Philippines calls for Asian ratings agency

Cesar Purisima, the country's finance minister, said the global ratings industry faces a battle to remain relevant amid concerns about the dominance of the three main players.
The comments from Purisima come in spite of the Philippines' promotion this year to “investment grade” by all three of the leading ratings firms.
The comments from Purisima come in spite of the Philippines' promotion this year to “investment grade” by all three of the leading ratings firms.

Asia should have its own regional ratings agency to challenge industry leaders Fitch, Standard & Poor’s and Moody’s, Cesar Purisima, finance minister for the Philippines, said on Wednesday.

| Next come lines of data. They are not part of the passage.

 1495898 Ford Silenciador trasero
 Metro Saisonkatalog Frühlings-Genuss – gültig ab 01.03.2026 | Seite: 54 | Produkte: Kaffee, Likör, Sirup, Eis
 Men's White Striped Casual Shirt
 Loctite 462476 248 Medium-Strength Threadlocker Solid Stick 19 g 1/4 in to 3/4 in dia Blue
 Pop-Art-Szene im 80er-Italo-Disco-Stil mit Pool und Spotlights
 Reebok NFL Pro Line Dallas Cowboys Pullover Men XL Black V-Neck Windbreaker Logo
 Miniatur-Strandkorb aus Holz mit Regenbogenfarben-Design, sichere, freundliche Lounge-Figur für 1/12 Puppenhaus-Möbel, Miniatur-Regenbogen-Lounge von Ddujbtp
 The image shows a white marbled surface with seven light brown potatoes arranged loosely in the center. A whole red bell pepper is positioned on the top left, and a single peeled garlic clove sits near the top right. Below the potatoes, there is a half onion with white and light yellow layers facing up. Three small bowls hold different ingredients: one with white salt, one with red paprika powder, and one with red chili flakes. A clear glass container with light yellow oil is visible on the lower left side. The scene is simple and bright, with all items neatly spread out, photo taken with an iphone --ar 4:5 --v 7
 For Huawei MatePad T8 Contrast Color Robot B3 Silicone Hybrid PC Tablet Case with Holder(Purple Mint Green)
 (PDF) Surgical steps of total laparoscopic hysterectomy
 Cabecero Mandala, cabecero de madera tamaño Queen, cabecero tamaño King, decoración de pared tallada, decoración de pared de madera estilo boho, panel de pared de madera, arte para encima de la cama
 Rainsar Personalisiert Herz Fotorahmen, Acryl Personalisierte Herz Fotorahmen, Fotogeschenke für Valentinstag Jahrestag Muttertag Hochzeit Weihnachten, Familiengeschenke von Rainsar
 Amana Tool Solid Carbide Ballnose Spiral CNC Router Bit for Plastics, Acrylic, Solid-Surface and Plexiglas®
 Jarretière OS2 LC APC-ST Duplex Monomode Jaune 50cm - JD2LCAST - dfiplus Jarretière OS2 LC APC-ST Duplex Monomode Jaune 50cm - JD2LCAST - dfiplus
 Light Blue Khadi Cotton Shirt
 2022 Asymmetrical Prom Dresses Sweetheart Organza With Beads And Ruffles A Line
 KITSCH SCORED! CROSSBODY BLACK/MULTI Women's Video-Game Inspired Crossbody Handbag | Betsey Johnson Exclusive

Purisima, speaking at FinanceAsia’s annual Borrowers & Investors Forum, Southeast Asia, in Singapore, said the ratings industry faces a battle to remain relevant amid accusations that it failed to anticipate the global financial crisis and possibly even contributed to it by underestimating some credit risks.

“If I were a ratings agency guy I’d be worried – because this is about the relevance of ratings,” he said, noting the massive degree to which the three US groups dominate the industry. “The region needs a regional credit rating agency that understands the region; that is not looking at a methodology that is geared towards the old model of the western world.”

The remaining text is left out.